Rebel Moon – Part One: A Child of Fire


Written by Zack Snyder, Kurt Johnstad and Shay Hatten

Directed by Zack Snyder

Starring Sofia Boutella, Djimon Hounsou, Ed Skrein, Michiel Huisman, Bae Donna, Ray Fisher, Charlie Hunnam, Anthony Hopkins, Staz Nair, Fra Fee, Cleopatra Coleman and Stuart Martin

Rated PG-13

When a peaceful settlement on the edge of a distant moon finds itself threatened by the armies of a tyrannical ruling force, a mysterious stranger living among its villagers becomes their best hope for survival.

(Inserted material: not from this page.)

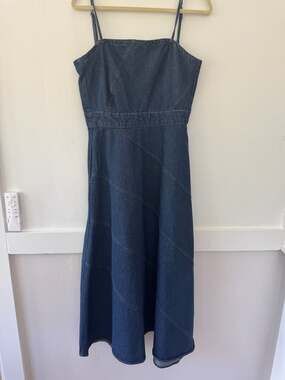 Freemarket Women's Dark Denim Seamed Corset Midi Dress with Back Zipper Size M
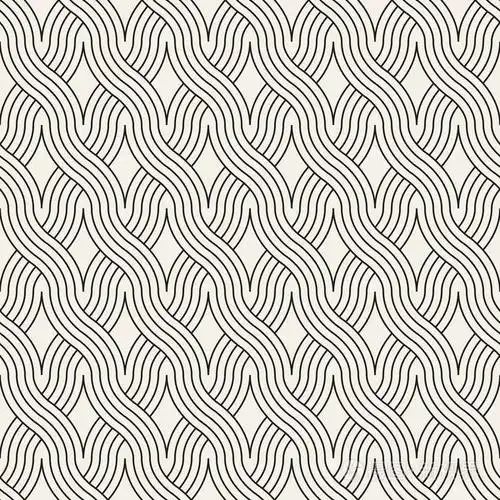 矢量无缝图案. 现代时尚抽象纹理. 重复圆形波浪几何瓷砖,条纹元素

Writer/director Zack Snyder has returned with a new sci-fi adventure that has an interesting back story. Apparently, Snyder pitched this new film as part of a new trilogy of Star Wars films and you can definitely see that in the final product, but there are also elements of Akira Kurosawa’s 1954 masterpiece Seven Samurai in it as well. So Snyder took two visually stunning and entertaining stories and managed to get close to half of that equation right in the first film.

REBEL MOON: Sofia Boutella as Kora in Rebel Moon. Cr. Clay Enos/Netflix © 2023

The Seven Samurai elements are glaringly obvious to anyone who saw the original film because the premise of A Child of Fire follows it almost exactly. A small farming community is being menaced and they need a small band of warriors to teach them how to defend themselves. A Child of Fire casts Sofia Boutella’s Kora as the main character and sends her out with fellow farmer Gunnar to search for the warriors that they need. The Star Wars elements come from the fact that the villains the planet faces are part of a galactic empire who (for some reason) need this specific farming communities goods to sustain their forces.

The first problem with the film is basic, why? Why does this powerful empire whose forces reach across the galaxy need this particular planet and its grain. Snyder never explains why this planet is so important. Is the grain special? Does it only grow on this one planet? Answering these simple questions could have given some much needed context to the film and the struggle of its characters and connecting with the characters is the next big problem with this film.

I will admit that after watching this movie twice, I had to go to its IMDB page to remember the names of any of its characters. None of these characters stand out either in performance or personality and once a scene with them ends, you instantly forget them. Even Ed Skrein’s villain is forgettable beyond his actions and his name was almost never mentioned. The only character I could remember was Ray Fisher’s Bloodaxe and that was mostly because of the name. He’s given almost nothing to do and his character is supposed to be the biggest menace the empire faces.

Getting past the recognizable actors and their forgettable characters, the action is pure Snyder. It looks amazing at times and rough at others. One of Snyder’s signature visual tricks is the slow motion shot and there are moments where that shot works beautifully to emphasize the action and power of the characters. Unfortunately, it’s so overused that it became predictable. Bae Donna’s Nemesis has probably the best action fight scene in the film and it gives Snyder the excuse to introduce his version of lightsabers into the mix. A move that neither looks compelling or means anything either for the characters or the narrative.

The movie is visually stunning. There are some great effects shots and the cinematography is amazing. Zack Snyder is brilliant at creating impressive and visually stunning scenes. Unfortunately, he can’t seem to fill any of those scenes with anything of substance. If all you can remember are scenes and not characters, motivations, conflict or story, then what ultimately do you have to be entertained by?

Rebel Moon – Part One: A Child of Fire is a visually stunning and deeply flawed movie that relies too heavily on the visuals that it sacrifices both the story and the characters. It suffers from huge logic problems that cripple its ability to connect with the viewer and characters so wooden and and unremarkable that they and the film are ultimately forgettable.

Editor’s Note: There is supposed to be a director’s cut of A Child of Fire coming to Netflix that many are claiming is better than the version currently released on the streaming service. Considering Netflix pursued this deal with Snyder after the success of Army of the Dead, I have to ask myself why didn’t Snyder just release his cut initially? It sounds like the streaming service and production company knew the film was not particularly good and are trying to retain the interest of Snyder’s hardcore fans by teasing them with another version of a deeply flawed film on order to get them to watch the next one.

My hope is that we will not have to endure multiple releases of all three films, but I’m sure that’s exactly what is going to happen.